Такова извечная оппозиция двух «клятв» в Большой политике. Одна из них, в духе Карла Великого, – универсалистская клятва «абсолютно всех без исключения» в деле великого политического единения, другая – партикуляристская клятва фатального различения народов на «овец» и «козлищ», «друзей и врагов», в том числе и в собственном народе. Последствия противостояния этих тенденций оказывают такое фундаментальное воздействие на политику, что вопрос о их природе, эволюции, современном состоянии и перспективе в условиях глобализации становится одним из узловых в формировании современного метазнания о развитии и его трансформации в планетарном измерении. Время – напомнить из Гете: «Нельзя было пройти мимо грандиозных сдвигов в мировой политической жизни, мощно воздействовавших на меня и едва ли не на всех моих современников» [Т. 3, с. 11].

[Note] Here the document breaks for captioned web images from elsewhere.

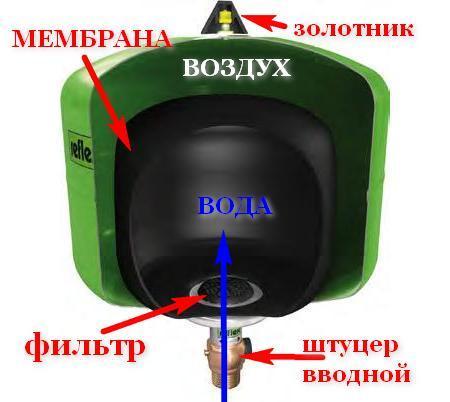 Как организовать водопровод от скважины в дом &ndash; подробное руководство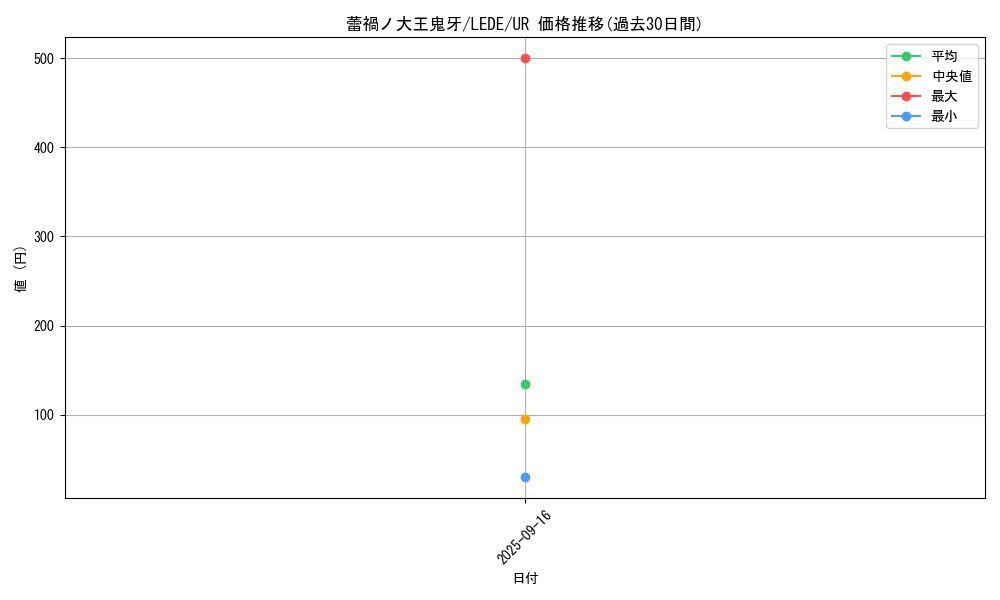 card_889_series_1585_rarity_7_graph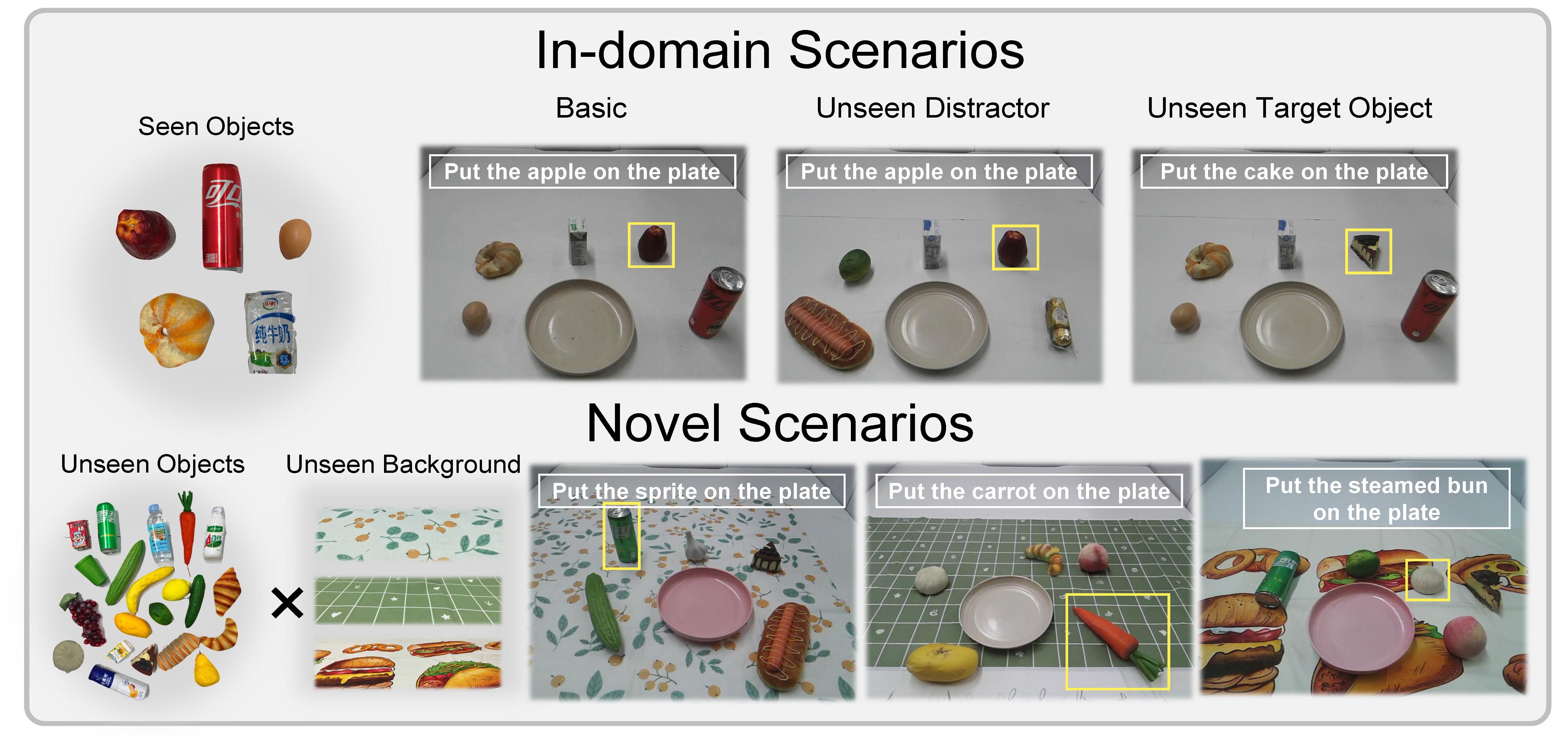 real_illustrate_single_col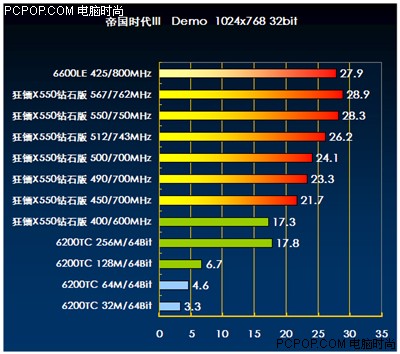 AMD Ryzen 3 2300X：游戏爱好者的性能利器  第5张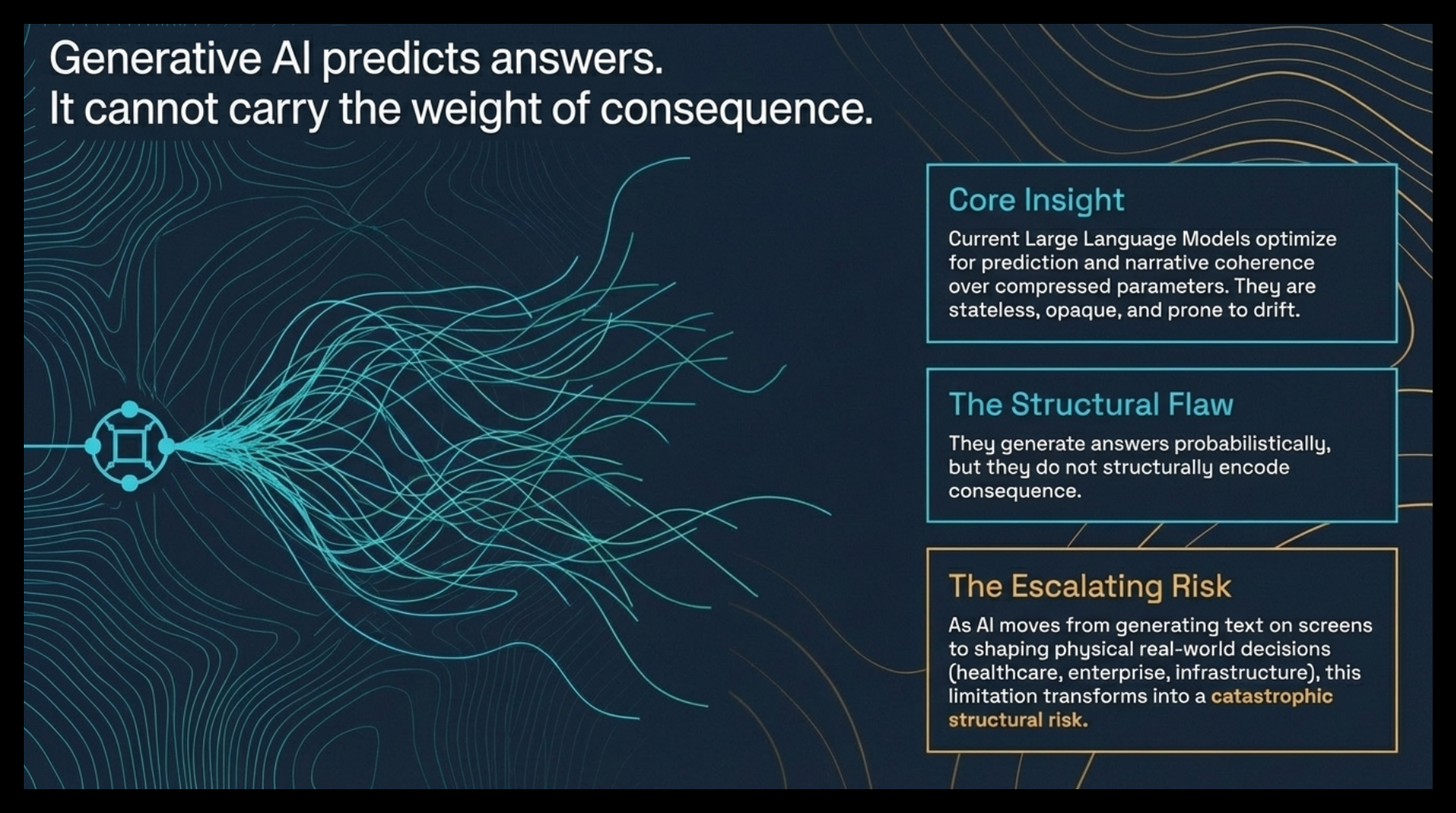 Field-Native challenges — frame one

3.2. Дилемма realpolitik и universalis

«Горячее стремление к общему благу нередко скрывает частные интересы»

Гегель

«В мире есть только два владыки – меч и дух. И в конце концов дух всегда одерживает победу над мечом»

Наполеон

Поиски разрешения дилеммы, сформулированной в предыдущем разделе, имеют такой же архетипический характер, как и политика. В своей эволюции они предстают как движение политики между Сциллой и Харибдой realpolitik и universalis: в терминологии Э. Дюркгейма, с одной стороны, авторитета силы, с другой – силы авторитета, и, наконец, их синтеза по принципу «Право как возможность, сила как необходимость».